Pelajaran Berharga PSIM Di Laga Perdana Putaran Kedua

Pelajaran Berharga PSIM Di Laga Perdana Putaran Kedua

26 Januari 2026

BRI SUPER LEAGUE 2025-26 PSIM YOGYAKARTA

BANTUL – Hasil pahit dipetik PSIM Yogyakarta pada laga pekan ke-18 BRI Super League 2025/26. Menjamu Persebaya Surabaya di laga home di Stadion Sultan Agung, Bantul, Minggu (25/1), Laskar Mataram kalah telak 0-3.   

Tiga gol Persebaya ke gawang PSIM diciptakan oleh Gali Freitas menit ke-34, Jefferson Silva menit ke-73, dan Rachmat Irianto menit ke-83. 

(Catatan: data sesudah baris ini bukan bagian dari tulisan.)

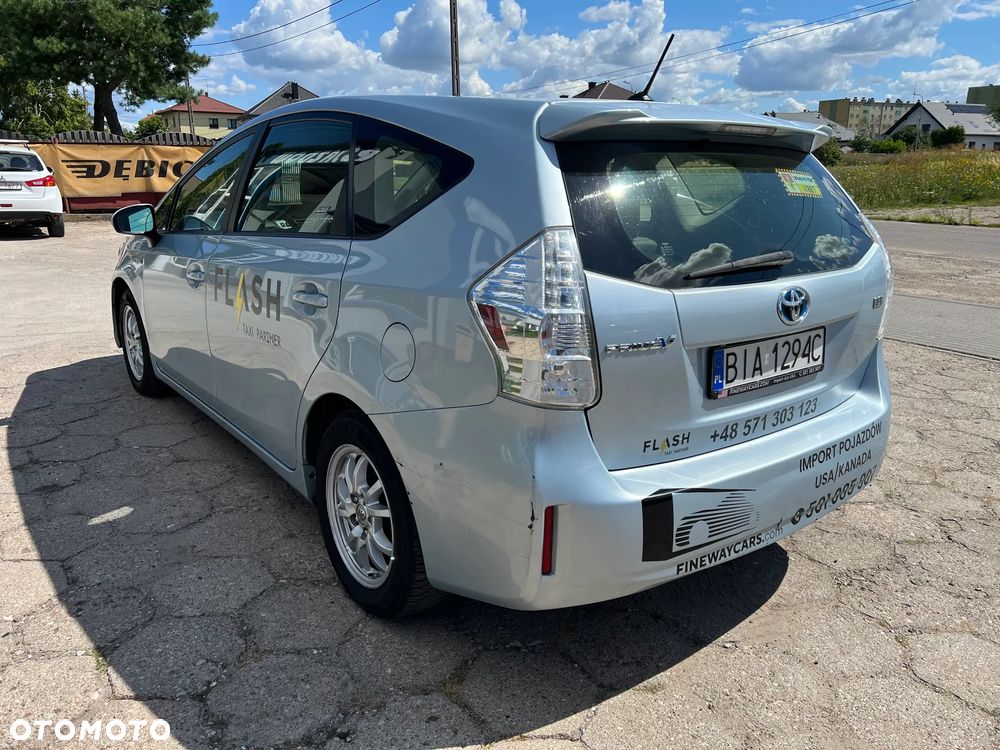 Toyota Prius+ - 7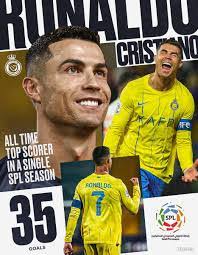 Amir Mora's Instagram, Twitter & Facebook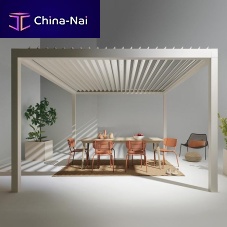 Self-supporting pergola MOVIEwall-mountedmetalwith mobile slats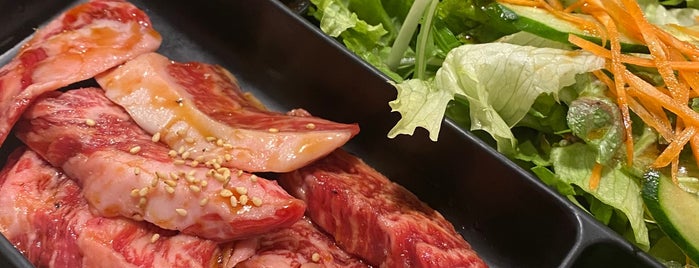 焼肉問屋 バンバン is one of Favorite Food.
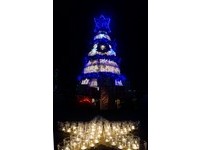 長濱鄉聖誕點燈聯合祈福　手持燭火分享愛的禮讚及祝福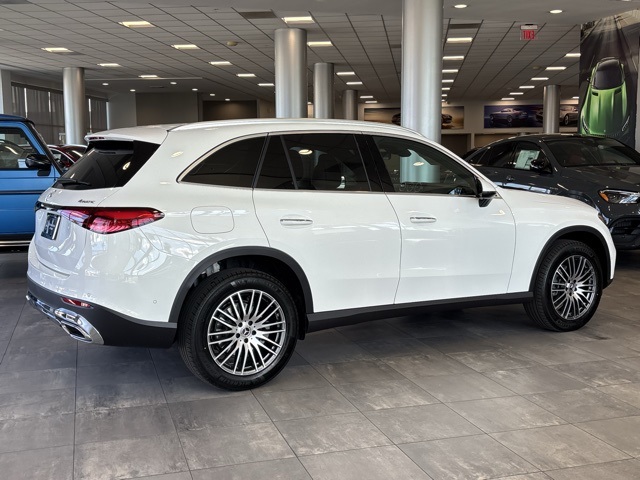 2026 Mercedes Benz GLC 300 4MATIC photo 2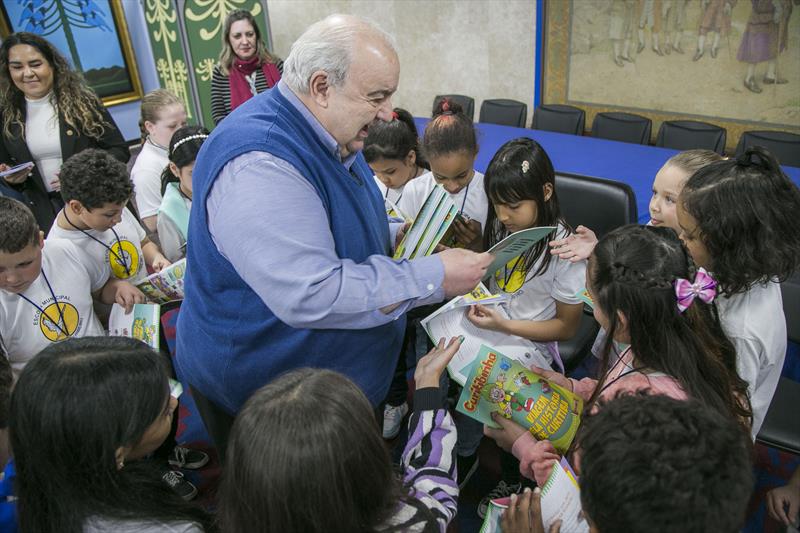 Com o prefeito, estudantes aprendem sobre a história de Curitiba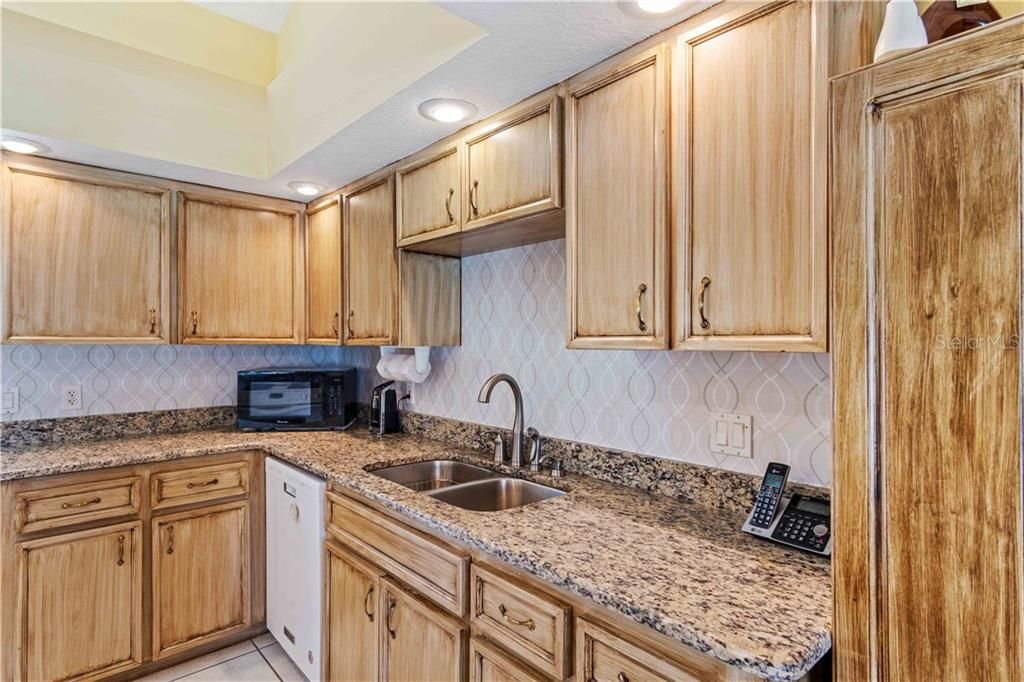Recently Sold: $260,000 (3 beds, 2 baths, 1698 Square Feet)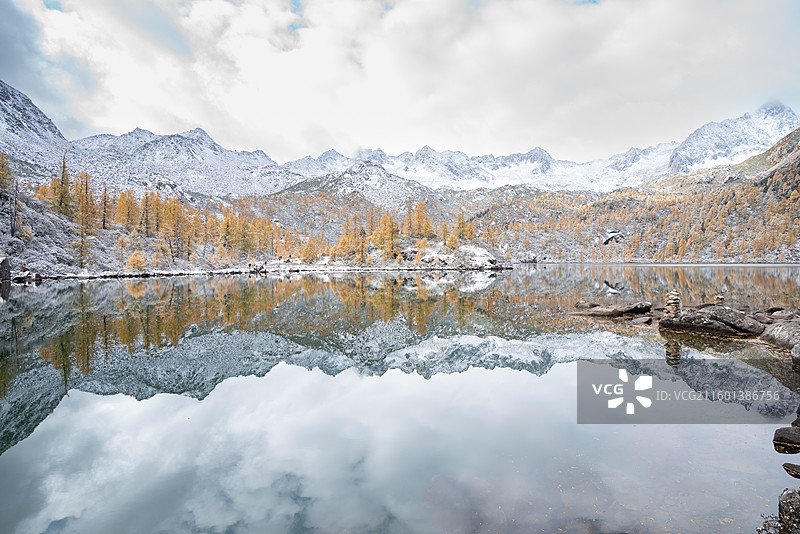 党岭的秋图片素材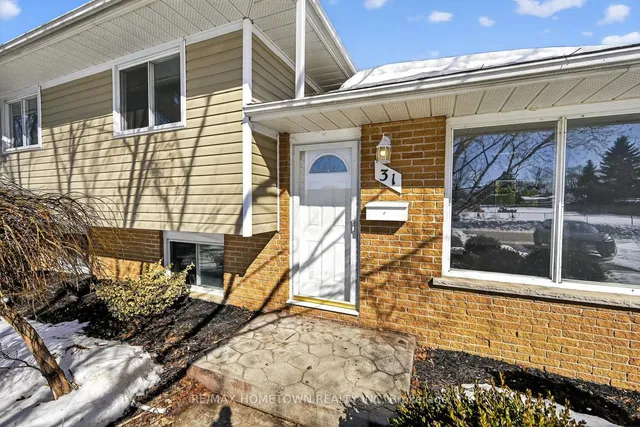 31 Vanier Dr, Brockville 2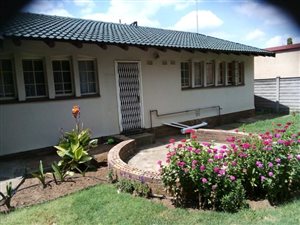 4 Bed House in Vaalpark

Tentunya, ini menjadi pukulan telak bagi PSIM yang sejak awal bertekad mencatat poin penuh di laga perdana putaran kedua sekaligus untuk membuktikan konsistensinya di papan atas.

Kekalahan ini membuat posisi PSIM di klasemen sementara melorot satu strip dari posisi enam ke peringkat tujuh dengan koleksi 30 poin. Sedangkan Persebaya naik ke peringkat enam dengan nilai 31.

Hasil ini juga menjadi catatan evaluasi penting bagi tim asuhan Jean Paul Van Gastel. “Saya rasa di babak pertama kami bermain cukup bagus dan kami tahu bahwa Persebaya hanya menunggu kami melakukan kesalahan. Saya rasa pada gol pertama posisi kami tidak bagus,” kata Van Gastel.

Situasi tertinggal memaksa PSIM bermain lebih terbuka untuk mencari gol penyeimbang di babak kedua. Resiko taktis ini justru dimanfaatkan lawan untuk menambah pundi-pundi gol lewat serangan balik.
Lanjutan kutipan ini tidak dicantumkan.